=== What you should do ===
Your answer must be an exact copy of the entries below, with every picture removed.

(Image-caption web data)
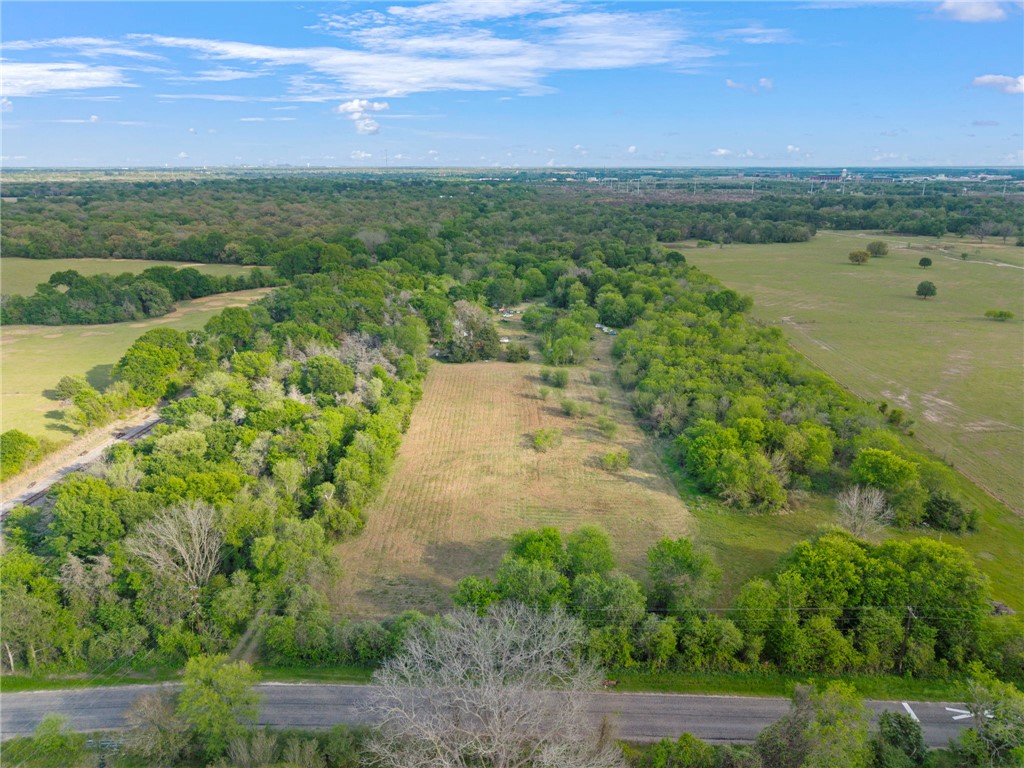 5679 Fountain Switch Road Bryan, TX 77807 - Photo 1 of 13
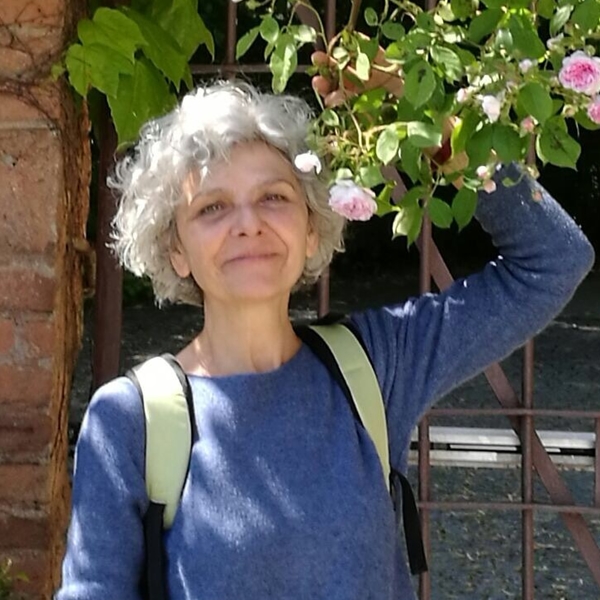 Ex insegnante e traduttrice professionale propone lezioni e ripetizioni di tedesco a Torino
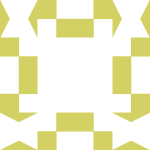 Avatar of Spartan Plumber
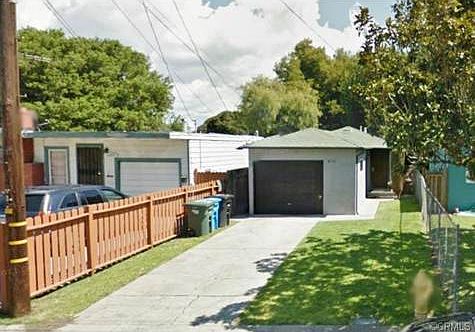 1st image of 1028 Bradley Way
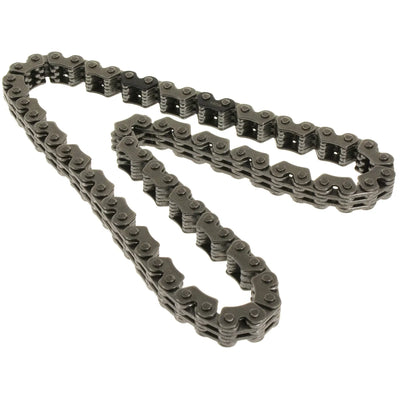Melling auto part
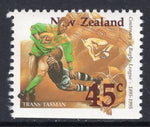 New Zealand 1282 MNH VF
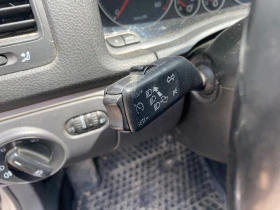 VW Golf 1.9 105 кс 6 скорости, снимка 9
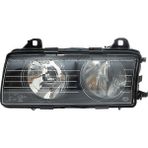 Depo 63128363495 BMW E36 95-99 Sol Far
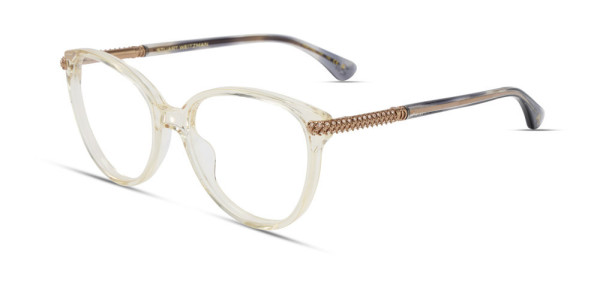 Stuart Weitzman WZN 1050 Eyeglasses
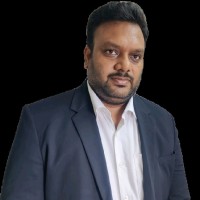 Liju Abraham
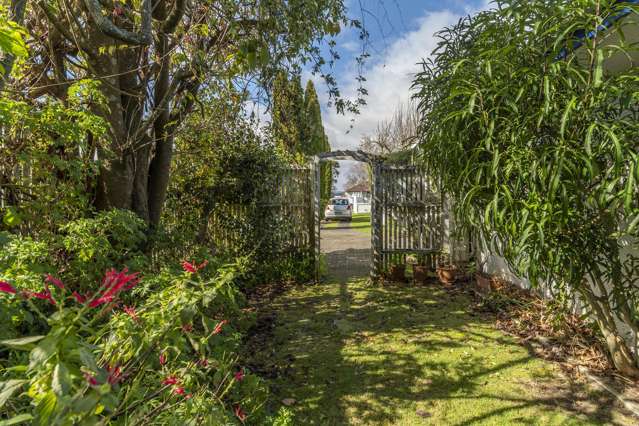 147b Edgecumbe Road Tauranga South_4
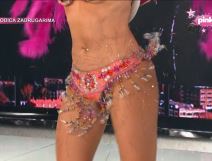jovana-jeremic-18.jpg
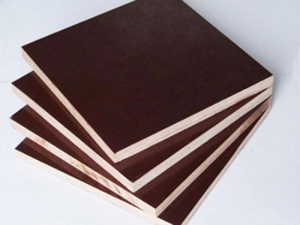 建筑模板工程詳細(xì)圖解，不懂哪里看哪里，超實(shí)用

=== Solution to the exercise ===
 5679 Fountain Switch Road Bryan, TX 77807 - Photo 1 of 13
 Ex insegnante e traduttrice professionale propone lezioni e ripetizioni di tedesco a Torino
 Avatar of Spartan Plumber
 1st image of 1028 Bradley Way
Melling auto part
 New Zealand 1282 MNH VF
 VW Golf 1.9 105 кс 6 скорости, снимка 9
 Depo 63128363495 BMW E36 95-99 Sol Far
 Stuart Weitzman WZN 1050 Eyeglasses
 Liju Abraham
 147b Edgecumbe Road Tauranga South_4
jovana-jeremic-18.jpg
 建筑模板工程詳細(xì)圖解，不懂哪里看哪里，超實(shí)用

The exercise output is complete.